Sobre inmigrantes y emigrantes

Existe en España una larga tradición de migraciones, tanto interiores como exteriores. A partir de los años 60, los movimientos interiores de población se convirtieron en una cuestión de gran trascendencia, ligada a la intensificación del proceso de industrialización y la disminución de la población campesina. La corriente emigratoria a países extranjeros durante los siglos XIX y XX tuvo también una fundamental influencia en la historia de nuestro país, siendo Iberoamérica y Europa los destinos más frecuentes. ¿Quién no tiene algún tío, abuelo o pariente más o menos lejano en Argentina, Bélgica o Alemania? En la época contemporánea, España ha sido predominantemente tierra de emigrantes, aunque no por ello la inmigración estuvo ausente. Pero el hecho nuevo es que España ha dejado de ser un país de emigración y se ha convertido en receptora de inmigrantes, lo que ha supuesto un importante cambio en nuestra sociedad.

No todo el mundo parece dispuesto a aceptar esta nueva situación, y muchos se olvidan de los motivos que llevaron a nuestros abuelos a dejar la tierra en la que crecieron, a olvidar que fueron obligados a marcharse si querían vivir, para ser acogidos por otros cuya situación muchas veces nada tenía que ver con la suya. Ese mismo espíritu de comprensión es el que debería ahora guiarnos en el trato con los recién llegados. Pero parece que no todo el mundo está dispuesto a ello.

El número actual de residentes extranjeros en España se cifra en torno a 1.200.000 personas, de las que 500.000 proceden de países de la Unión Europea y unos 700.000 de países extracomunitarios. Estas cifras, sin embargo son insignificantes, ya que apenas suponen un 1,5% de la población, mientras que en el resto de la Unión Europea está en el 6%. El fenómeno migratorio es algo constante y permanente, y que, pese a la opinión de algunos, contribuye al crecimiento de nuestro desarrollo económico, teniendo en cuenta que las tasas de crecimiento de población en nuestro país disminuyen a pasos agigantados. Pero hay que tener presente que son algo más: "pidieron mano de obra y les llegaron personas". Son personas que, llevadas por situaciones económicas insostenibles, guerras, exilios forzosos, y falta de futuro han recurrido a la única vía que les quedaba para poder vivir y ver crecer a sus hijos. No es fácil dejar atrás a una familia, unos amigos, un país; no es fácil tener que comenzar de cero, muchas veces incluso desconociendo el idioma del lugar que les acoge. En un porcentaje muy amplio se trata de la juventud cualificada (arquitectos, profesores, técnicos...), de países que pierden así a su capital humano, dificultando su propio desarrollo.

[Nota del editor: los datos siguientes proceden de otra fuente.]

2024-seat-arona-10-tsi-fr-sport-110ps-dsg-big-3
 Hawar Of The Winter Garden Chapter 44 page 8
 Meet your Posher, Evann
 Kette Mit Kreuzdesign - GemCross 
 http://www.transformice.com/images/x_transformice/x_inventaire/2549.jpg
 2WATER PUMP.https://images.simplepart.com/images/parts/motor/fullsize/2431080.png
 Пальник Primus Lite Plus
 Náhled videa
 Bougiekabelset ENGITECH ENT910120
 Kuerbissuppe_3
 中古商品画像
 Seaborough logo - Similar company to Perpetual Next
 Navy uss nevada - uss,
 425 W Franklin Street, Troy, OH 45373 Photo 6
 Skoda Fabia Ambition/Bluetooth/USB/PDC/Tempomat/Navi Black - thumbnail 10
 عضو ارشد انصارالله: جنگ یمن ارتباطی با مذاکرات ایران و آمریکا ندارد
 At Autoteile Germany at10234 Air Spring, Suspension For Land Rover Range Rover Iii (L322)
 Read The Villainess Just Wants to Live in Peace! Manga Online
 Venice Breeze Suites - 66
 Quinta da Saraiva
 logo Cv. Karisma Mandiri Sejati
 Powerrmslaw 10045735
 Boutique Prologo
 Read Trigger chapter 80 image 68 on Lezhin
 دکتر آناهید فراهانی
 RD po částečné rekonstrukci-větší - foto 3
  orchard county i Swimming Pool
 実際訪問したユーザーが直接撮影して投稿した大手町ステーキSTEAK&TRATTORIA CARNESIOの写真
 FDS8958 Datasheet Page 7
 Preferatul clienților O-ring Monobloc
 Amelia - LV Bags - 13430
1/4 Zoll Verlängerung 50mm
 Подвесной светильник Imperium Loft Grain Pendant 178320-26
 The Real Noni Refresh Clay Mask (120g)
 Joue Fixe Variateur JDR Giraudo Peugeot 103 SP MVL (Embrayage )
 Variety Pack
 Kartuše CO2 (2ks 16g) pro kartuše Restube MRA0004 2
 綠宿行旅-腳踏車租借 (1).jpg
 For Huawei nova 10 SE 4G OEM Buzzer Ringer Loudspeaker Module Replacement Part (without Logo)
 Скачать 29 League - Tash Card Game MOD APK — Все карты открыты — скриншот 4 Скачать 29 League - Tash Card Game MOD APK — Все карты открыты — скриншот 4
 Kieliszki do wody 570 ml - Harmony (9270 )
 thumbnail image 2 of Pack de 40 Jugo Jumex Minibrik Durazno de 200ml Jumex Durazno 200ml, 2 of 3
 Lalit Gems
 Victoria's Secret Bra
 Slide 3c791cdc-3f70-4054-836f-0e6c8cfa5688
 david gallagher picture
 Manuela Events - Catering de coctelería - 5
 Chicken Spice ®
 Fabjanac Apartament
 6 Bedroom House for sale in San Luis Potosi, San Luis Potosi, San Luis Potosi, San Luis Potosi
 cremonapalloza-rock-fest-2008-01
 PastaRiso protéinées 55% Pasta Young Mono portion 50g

Pero su lucha por un futuro mejor no hace más que comenzar cuando llegan; da igual que lleguen en patera que en avión, da igual que lleguen sin papeles o con un permiso de turista de tres meses. Todos se han de enfrentar a una dura situación, en la que deberán demostrar lo que a nosotros se nos da por hecho, en la que tendrán que soportar insultos porque su "bronceado" no es fruto de sesiones de playa, en la que deberán soportar que no se les alquile un piso por tener una "apariencia poco fiable", en la que pedir un puesto de trabajo significará en el mejor de los casos doce horas diarias por la mitad de lo que cobraría un español por ocho horas, y además deberán aprender a defenderse por sí mismos, en una sociedad muchas veces hostil.

Aunque sea por un breve instante, ponte en su lugar, e imagina lo que debe sentirse. Imagina que eres tú quien tiene que irse del país, pregunta en tu familia cómo lo pasaron aquellos que tuvieron que emigrar, sólo entonces comprenderás que tenemos el mismo derecho a reclamar que se nos trate como personas, seamos del país que sea, y que todos debemos tener las mismas oportunidades para vivir y ver cumplidas nuestras esperanzas de futuro.